It's hard to be sexy when you like stupid everything.
I'm going to lay it out for you like this:
When we met, I didn't want to make you laugh
I just wanted to get your dick hard. Funny girls don't get dicks hard. So I didn't want to be too funny.
Because that's what matters. Because I like you like that- but I would never say anything. You get bored, you told me so, that girls come and go by the time the next month rolls on by.
I wanted to thrill you. With ambiguity. With your erection. Shit... the possibility of it popping up is enough to satisfy me. ( But not SASSIFY me )
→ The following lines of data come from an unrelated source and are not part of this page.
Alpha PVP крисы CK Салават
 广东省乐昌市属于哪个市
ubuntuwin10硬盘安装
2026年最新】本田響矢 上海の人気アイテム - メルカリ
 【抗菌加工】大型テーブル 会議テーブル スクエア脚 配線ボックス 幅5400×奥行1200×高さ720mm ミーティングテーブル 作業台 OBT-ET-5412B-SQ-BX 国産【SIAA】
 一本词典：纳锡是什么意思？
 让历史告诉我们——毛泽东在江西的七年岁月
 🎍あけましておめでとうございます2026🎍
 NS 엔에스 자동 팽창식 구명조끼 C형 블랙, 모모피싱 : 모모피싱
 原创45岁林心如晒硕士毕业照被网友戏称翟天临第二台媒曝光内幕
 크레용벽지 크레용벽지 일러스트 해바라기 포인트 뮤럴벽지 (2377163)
I sincerely wanted to get your dick hard. Out of love. If it had been lust... I would have just made you sit across from me and Sharon Stoned you. But I didn't want to do that. I wanted to elicit a meaningful erection from you. Not a cheap and dirty hard dick. An attentive hard dick.
Tell me... if you had met me and I had on overalls and walked like I had a sawed-off shotgun in my pant leg ( boot? I wasn't wearing pants.) then started spitting nonsensical rhymes about thighs eyes and pussy sighs while fellatiating a tootsie pop with somebody else's baby on my hip, you probably wouldn't have taken me out again.
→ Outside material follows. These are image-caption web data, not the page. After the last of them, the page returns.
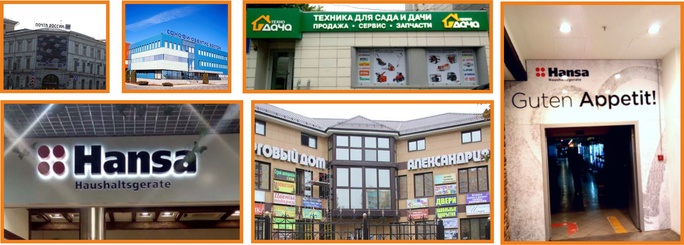 изготовление вывесок, стел, световых букв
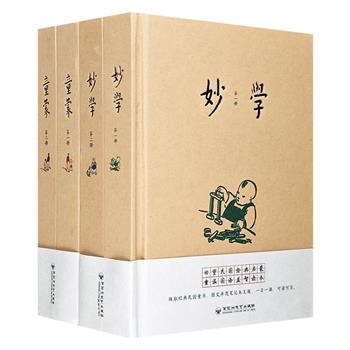 民国儿童启蒙读物：《妙学》全2册+《童蒙》全2册，32开精装，荟萃民国儿童教育的精华，以图文并茂的日记本形式，展现良好的学习和生活习惯，一日一课，边学边记。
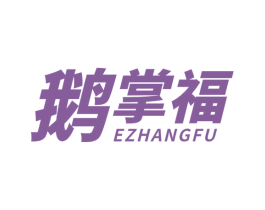 鹅掌福 商标图样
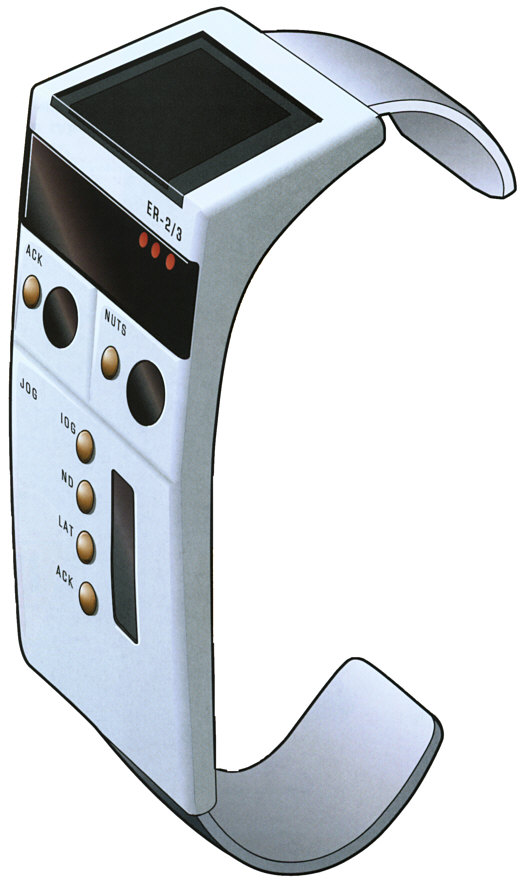 oac_communicator.jpg (70548 bytes)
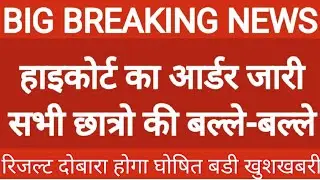 Reet exam result| Reet exam bonus marks| Reet exam normalisation| reet exam final answer key|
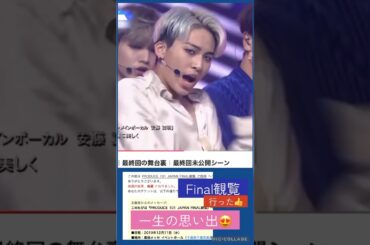 【JO1】🙋‍♀️Final生で見た😍一生の思い出❤️#川尻蓮#produce101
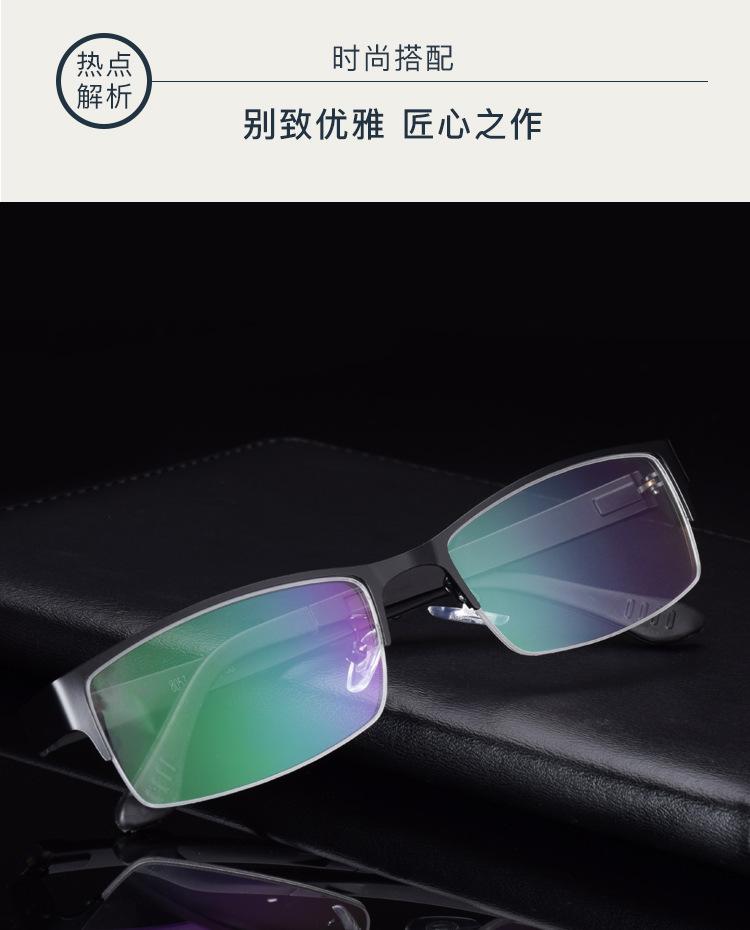 详情页_02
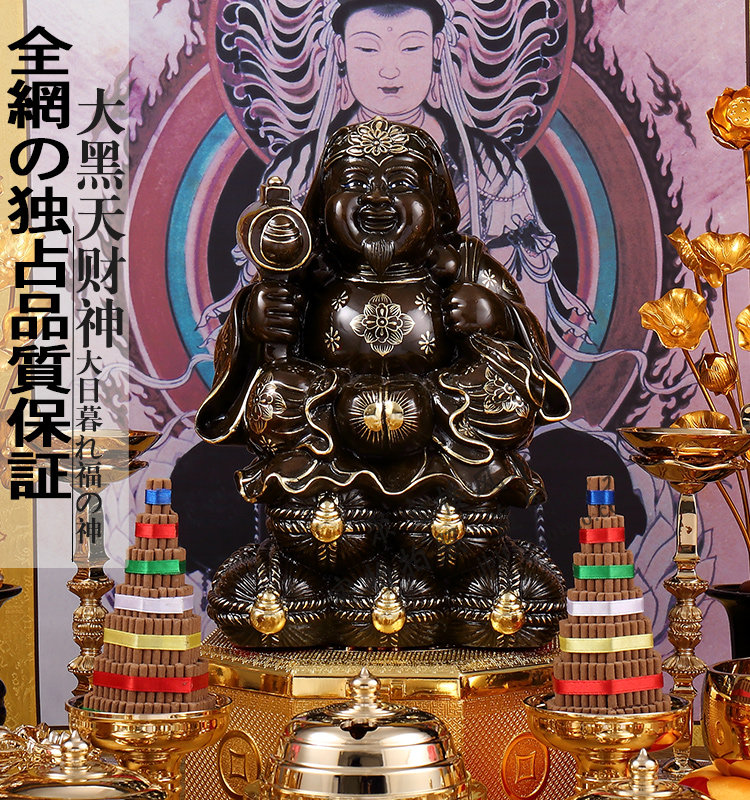 东密真言宗 经文记载五寸大黑天财神 纯铜描真金家居摆设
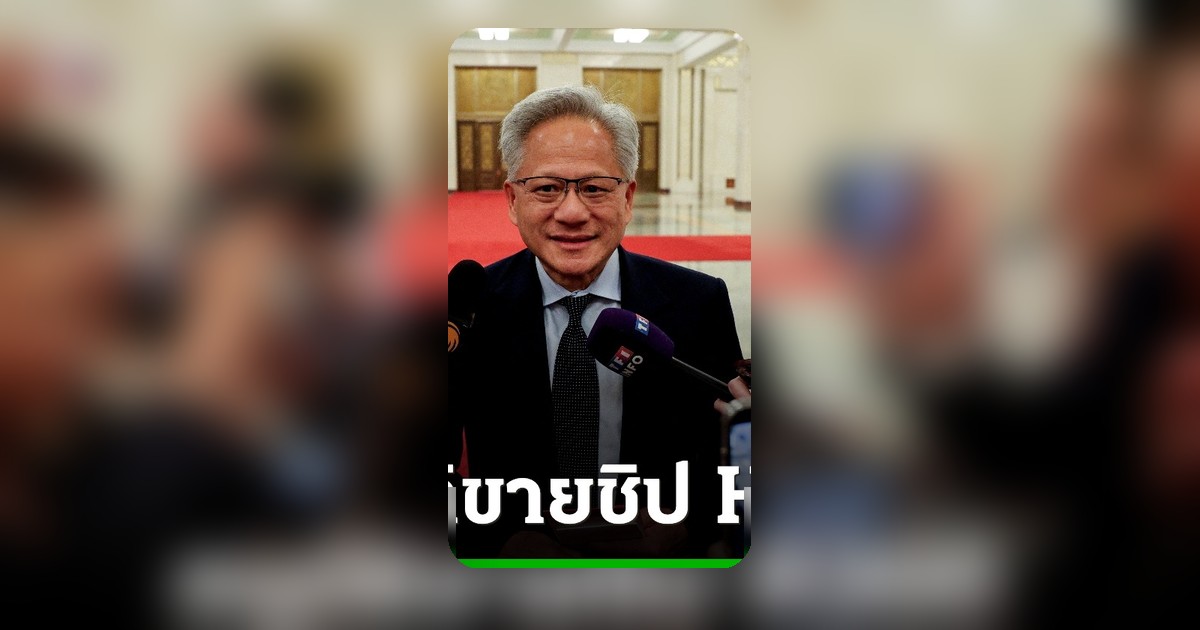 สหรัฐฯ อนุญาตจีนซื้อชิป H200 แต่ดีลยังชะงักไร้การส่งมอบ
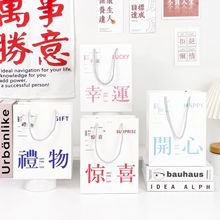 创意祝福文字礼品袋生日礼物包装纸袋简约小清新服装店购物手提袋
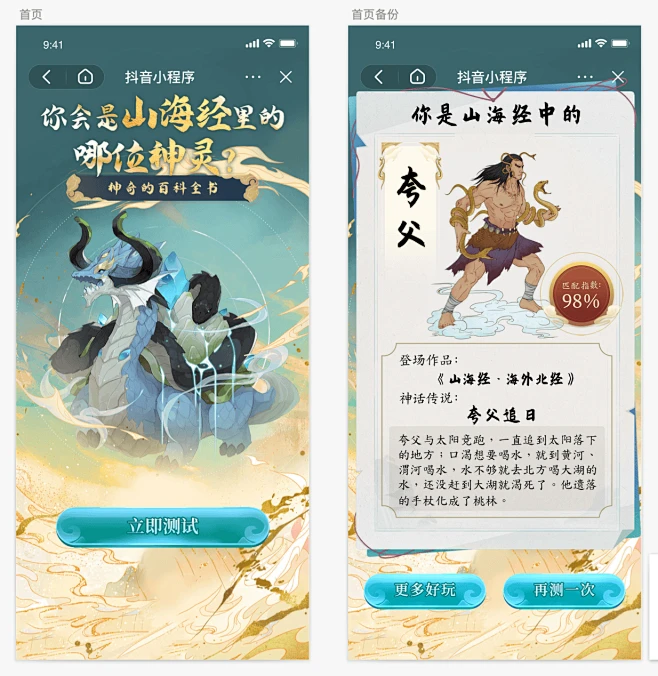 你是山海经里的哪位神灵-花瓣网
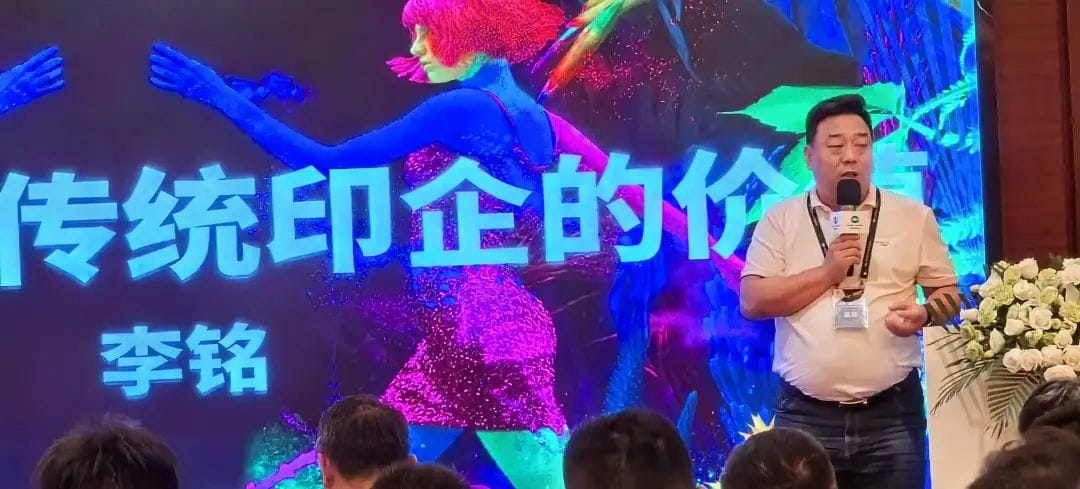 破局数印,创想未来——2024柯尼卡美能达数智化高峰论坛在苏举办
But I'm pretty sure you would have laughed.
I've grown. Matured. I've realized that my love of stupid is innate and impossible to ignore. Stupid is funny. Smart stupid is even better. But stupid is always easier.
I'm sorry BooBoo, but I want to make you laugh AND give you meaningful erections.
But I can't give you anything hip or cool or culturally significant. I don't know what I should be wearing since what I'm wearing now is SO two years ago. I don't have a scene and nobody knows me.
All I've got is pussy, giggles, and casseroles.
But so much love. For you. And your glorious, kind, and undoubtedly beautiful penis. So much love.
Now take it before I throw it in the goddamn garbage and some hobo finds it and claims me as his own.